Should We Fear Jesus Christ?

Fear. We’ve all felt it. A small child worrying about the monsters under the bed, a tourist in a foreign country confronted by an armed robber, a business owner faced by financial ruin – fear wears many masks, and every one of us has experienced it.

Should We Fear Jesus Christ?

We fear many things, some rational, some irrational. But no one fears a man they know and love, particularly when that man has just acted to protect them from harm. Yet three of the Gospel writers record this very thing happening during the life of the Lord Jesus.

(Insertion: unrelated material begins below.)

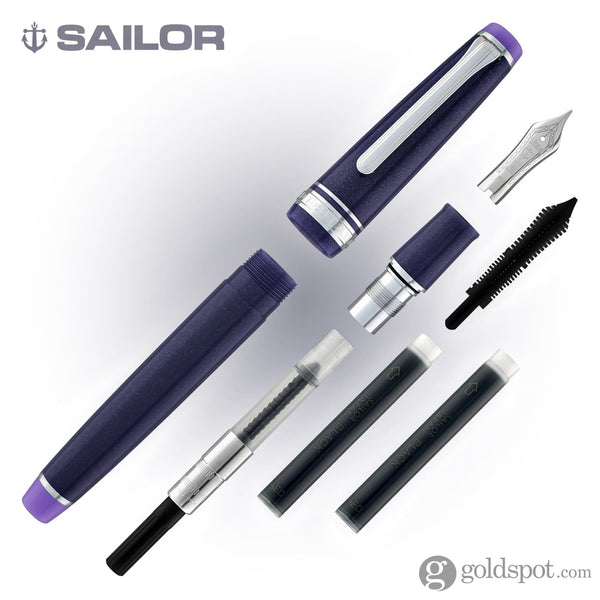 Sailor Pro Gear Slim Fountain Pen in Storm Over The Ocean with Silver Trim Fountain Pen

The biblical accounts of Matthew (8:23-27), Mark (4:35-41) and Luke (8:22-25) detail a remarkable evening when hardened sailors were terrified by the words and actions of a man who had done them nothing but good. Focusing on Mark’s account, let’s look at what happened.

The account

After a day of teaching, Jesus drew His disciples aside, telling them to take their boat and set sail across the Sea of Galilee (Mark 4:35). As they travelled, ‘there arose a fierce gale of wind, and the waves were breaking over the boat so much that the boat was already filling up’ (verse 37). The disciples, unable to overcome the storm, discovered Jesus asleep in the stern of the boat. Perplexed, they asked Him, ‘Teacher, do You not care that we are perishing?’ (verse 38).

In response to their question, Jesus got up and ‘rebuked the wind and said to the sea, “Hush, be still”’. The result was astonishing: ‘the wind died down and it became perfectly calm’ (verse 39). As this unfolded before the eyes of the incredulous disciples, ‘they became very much afraid and said to one another, “Who then is this, that even the wind and the sea obey Him?”’ (verse 41).

Jesus’s response to the disciples’ question, ‘Teacher, do You not care that we are perishing?’, was to deliver them from their danger. Where we might have anticipated gratitude and appreciation, their reaction instead was to become ‘very much afraid’. Why?

Why did they fear Him?

Why does anyone fear anything? We fear what we do not understand. We fear what we cannot control. That day in the boat the disciples saw something, someone, they did not understand and could not control.

Jesus spoke with an authority unmatched by any other. He wielded a power the like of which had never been seen before or since. Listen again to what He said and the result His words achieved.

"Jesus spoke with an authority unmatched by any other."

‘Hush, be still’. Tim Keller notes, ‘Jesus [speaks] … just as you would talk to an unruly child. The more astonishing thing is that the storm obeyed like a compliant child’. Furthermore, Jesus was not instructed by a higher authority, nor did He call on God to calm the storm. No, He did it entirely by His own power and in His own name. Keller continues: ‘by His actions here Jesus is demonstrating “I am not just someone who has power, I am power itself”’ (Tim Keller, King’s Cross, Hodder, p51-52).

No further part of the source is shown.